» What the task requires
From the entries below, retype only the lines from the one with "2018 Kia Soul" through the one with "Approach to Uppingham in LE15 9FA", exactly as written.

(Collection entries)
=-=-=-=-=

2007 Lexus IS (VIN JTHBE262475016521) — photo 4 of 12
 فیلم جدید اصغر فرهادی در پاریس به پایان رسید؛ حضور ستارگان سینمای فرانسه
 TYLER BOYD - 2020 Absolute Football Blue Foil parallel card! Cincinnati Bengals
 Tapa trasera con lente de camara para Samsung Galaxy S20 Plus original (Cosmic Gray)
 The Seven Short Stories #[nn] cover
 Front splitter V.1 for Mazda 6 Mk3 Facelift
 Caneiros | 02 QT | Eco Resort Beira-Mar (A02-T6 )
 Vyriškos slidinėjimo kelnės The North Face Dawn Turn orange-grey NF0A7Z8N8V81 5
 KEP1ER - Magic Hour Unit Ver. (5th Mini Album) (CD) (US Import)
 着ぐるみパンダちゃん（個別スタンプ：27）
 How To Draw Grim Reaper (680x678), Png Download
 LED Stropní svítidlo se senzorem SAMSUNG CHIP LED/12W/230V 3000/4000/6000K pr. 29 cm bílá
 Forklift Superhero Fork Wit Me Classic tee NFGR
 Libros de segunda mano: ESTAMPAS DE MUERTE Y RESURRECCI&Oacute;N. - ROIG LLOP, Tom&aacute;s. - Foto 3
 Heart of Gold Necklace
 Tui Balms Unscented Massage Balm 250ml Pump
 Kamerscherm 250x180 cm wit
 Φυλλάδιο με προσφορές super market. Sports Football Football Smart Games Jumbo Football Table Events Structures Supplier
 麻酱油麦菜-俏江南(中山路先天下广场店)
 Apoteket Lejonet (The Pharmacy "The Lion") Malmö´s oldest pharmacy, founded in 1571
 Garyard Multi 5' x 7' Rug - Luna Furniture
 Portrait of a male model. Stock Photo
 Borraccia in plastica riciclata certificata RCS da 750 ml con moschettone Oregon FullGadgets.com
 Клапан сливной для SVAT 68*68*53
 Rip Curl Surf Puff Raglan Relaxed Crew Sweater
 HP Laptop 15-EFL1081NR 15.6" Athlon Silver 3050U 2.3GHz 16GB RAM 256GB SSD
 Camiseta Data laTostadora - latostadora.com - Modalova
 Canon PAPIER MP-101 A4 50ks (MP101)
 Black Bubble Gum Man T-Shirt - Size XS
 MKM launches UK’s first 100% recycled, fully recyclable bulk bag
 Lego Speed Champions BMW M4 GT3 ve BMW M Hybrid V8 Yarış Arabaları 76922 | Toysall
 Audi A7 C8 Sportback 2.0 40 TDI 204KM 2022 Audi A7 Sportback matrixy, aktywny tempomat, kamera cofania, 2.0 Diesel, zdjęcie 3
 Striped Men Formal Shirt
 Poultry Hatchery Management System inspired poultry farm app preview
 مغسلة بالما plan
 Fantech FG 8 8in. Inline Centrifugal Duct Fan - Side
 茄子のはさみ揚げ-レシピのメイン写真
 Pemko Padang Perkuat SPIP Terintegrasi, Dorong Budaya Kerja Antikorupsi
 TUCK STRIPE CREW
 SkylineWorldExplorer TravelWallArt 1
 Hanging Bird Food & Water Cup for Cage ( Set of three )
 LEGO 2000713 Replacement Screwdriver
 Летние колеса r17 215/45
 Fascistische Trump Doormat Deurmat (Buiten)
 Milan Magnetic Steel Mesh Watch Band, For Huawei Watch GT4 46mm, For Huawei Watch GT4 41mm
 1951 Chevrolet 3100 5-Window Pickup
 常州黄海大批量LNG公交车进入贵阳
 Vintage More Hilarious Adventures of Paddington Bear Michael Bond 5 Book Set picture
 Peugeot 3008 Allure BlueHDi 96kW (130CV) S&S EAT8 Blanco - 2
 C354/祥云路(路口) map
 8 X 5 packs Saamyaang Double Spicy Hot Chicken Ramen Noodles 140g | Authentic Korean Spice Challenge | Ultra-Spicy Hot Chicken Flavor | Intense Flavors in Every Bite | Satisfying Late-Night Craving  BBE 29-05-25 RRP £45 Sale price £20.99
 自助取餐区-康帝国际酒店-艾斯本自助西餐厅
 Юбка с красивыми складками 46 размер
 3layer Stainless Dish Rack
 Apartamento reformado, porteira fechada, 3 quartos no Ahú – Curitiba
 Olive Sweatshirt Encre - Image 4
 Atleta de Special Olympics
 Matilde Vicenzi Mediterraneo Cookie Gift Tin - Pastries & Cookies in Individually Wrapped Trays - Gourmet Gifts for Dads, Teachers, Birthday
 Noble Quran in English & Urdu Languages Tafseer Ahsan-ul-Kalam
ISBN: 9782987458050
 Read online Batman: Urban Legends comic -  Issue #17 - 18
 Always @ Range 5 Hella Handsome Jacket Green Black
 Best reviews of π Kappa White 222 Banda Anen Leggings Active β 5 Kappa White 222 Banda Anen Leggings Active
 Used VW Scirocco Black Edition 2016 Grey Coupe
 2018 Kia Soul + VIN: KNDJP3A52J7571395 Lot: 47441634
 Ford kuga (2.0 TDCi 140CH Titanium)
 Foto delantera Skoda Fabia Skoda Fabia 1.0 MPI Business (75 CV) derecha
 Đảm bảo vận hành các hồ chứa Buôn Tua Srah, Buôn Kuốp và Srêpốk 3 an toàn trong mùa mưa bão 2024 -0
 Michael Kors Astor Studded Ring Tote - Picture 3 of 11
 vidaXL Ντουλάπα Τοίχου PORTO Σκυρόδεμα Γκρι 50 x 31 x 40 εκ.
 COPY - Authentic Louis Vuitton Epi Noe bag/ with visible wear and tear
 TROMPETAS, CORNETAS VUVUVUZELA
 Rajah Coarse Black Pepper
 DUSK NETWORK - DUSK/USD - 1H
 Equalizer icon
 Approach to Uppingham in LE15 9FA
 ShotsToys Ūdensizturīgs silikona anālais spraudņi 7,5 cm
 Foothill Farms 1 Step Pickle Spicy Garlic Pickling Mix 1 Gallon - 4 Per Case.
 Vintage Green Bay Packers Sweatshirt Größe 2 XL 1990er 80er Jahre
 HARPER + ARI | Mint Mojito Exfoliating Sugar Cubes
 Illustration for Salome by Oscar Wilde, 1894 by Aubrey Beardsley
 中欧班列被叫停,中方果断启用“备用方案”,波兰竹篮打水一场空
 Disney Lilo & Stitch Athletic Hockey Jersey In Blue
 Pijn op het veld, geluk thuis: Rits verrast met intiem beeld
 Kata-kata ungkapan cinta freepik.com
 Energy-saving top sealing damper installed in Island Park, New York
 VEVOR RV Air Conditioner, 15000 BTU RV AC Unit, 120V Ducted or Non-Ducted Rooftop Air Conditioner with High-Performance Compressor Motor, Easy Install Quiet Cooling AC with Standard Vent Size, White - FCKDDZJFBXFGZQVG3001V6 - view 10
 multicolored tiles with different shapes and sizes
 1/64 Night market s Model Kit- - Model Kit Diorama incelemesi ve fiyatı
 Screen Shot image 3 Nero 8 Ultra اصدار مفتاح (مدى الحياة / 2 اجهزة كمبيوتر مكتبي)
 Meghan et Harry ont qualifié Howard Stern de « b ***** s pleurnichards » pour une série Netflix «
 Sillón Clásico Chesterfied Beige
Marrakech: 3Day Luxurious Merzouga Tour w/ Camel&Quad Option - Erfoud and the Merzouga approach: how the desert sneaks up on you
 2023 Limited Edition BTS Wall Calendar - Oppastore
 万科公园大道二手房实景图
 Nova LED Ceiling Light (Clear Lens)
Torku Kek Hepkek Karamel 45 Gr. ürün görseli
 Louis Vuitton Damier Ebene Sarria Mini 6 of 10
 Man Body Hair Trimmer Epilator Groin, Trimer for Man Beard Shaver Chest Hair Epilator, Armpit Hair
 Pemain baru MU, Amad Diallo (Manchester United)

=-=-=-=-=

» Reply to the task
 2018 Kia Soul + VIN: KNDJP3A52J7571395 Lot: 47441634
 Ford kuga (2.0 TDCi 140CH Titanium)
 Foto delantera Skoda Fabia Skoda Fabia 1.0 MPI Business (75 CV) derecha
 Đảm bảo vận hành các hồ chứa Buôn Tua Srah, Buôn Kuốp và Srêpốk 3 an toàn trong mùa mưa bão 2024 -0
 Michael Kors Astor Studded Ring Tote - Picture 3 of 11
 vidaXL Ντουλάπα Τοίχου PORTO Σκυρόδεμα Γκρι 50 x 31 x 40 εκ.
 COPY - Authentic Louis Vuitton Epi Noe bag/ with visible wear and tear
 TROMPETAS, CORNETAS VUVUVUZELA
 Rajah Coarse Black Pepper
 DUSK NETWORK - DUSK/USD - 1H
 Equalizer icon
 Approach to Uppingham in LE15 9FA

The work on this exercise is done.